Materials provided below:
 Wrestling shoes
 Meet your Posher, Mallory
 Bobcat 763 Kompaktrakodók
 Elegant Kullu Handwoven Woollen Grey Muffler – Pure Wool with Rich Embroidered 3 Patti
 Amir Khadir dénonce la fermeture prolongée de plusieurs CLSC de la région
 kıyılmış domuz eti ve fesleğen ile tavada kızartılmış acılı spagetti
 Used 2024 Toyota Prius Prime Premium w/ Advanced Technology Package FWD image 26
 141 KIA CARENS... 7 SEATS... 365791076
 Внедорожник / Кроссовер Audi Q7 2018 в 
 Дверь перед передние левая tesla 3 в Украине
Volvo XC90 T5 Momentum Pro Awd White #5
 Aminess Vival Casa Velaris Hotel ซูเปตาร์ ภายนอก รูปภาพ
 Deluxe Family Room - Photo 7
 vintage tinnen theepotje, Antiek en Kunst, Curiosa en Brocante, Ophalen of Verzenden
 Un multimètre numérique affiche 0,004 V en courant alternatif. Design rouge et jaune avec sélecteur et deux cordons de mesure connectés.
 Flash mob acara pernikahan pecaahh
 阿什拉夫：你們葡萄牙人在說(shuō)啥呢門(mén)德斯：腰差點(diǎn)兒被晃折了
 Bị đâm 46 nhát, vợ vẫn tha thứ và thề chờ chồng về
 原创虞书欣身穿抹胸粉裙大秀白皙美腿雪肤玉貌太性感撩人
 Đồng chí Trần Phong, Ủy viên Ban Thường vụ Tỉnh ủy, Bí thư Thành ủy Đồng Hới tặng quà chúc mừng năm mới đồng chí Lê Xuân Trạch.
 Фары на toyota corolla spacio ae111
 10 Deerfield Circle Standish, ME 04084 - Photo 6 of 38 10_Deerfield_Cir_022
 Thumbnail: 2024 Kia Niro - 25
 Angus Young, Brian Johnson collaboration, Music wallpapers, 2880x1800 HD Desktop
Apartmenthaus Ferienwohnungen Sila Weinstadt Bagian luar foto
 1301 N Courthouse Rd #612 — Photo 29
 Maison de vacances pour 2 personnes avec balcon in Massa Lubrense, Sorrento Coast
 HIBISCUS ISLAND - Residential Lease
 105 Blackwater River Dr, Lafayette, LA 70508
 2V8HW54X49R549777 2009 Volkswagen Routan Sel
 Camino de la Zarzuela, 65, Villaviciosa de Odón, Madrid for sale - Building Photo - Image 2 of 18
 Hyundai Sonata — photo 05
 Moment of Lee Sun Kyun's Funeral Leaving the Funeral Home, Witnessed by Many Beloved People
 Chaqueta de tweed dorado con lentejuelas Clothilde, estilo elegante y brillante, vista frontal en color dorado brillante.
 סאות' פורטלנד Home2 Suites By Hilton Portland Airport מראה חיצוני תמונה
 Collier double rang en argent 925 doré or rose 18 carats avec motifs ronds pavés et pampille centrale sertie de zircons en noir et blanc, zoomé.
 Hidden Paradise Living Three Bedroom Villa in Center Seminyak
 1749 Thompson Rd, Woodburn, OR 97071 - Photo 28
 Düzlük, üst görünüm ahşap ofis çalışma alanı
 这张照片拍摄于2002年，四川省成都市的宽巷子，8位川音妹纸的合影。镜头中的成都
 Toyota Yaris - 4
End of Materials provided.
Requirement
Show all lines above that contain "avec".

Response
 Un multimètre numérique affiche 0,004 V en courant alternatif. Design rouge et jaune avec sélecteur et deux cordons de mesure connectés.
 Maison de vacances pour 2 personnes avec balcon in Massa Lubrense, Sorrento Coast
 Collier double rang en argent 925 doré or rose 18 carats avec motifs ronds pavés et pampille centrale sertie de zircons en noir et blanc, zoomé.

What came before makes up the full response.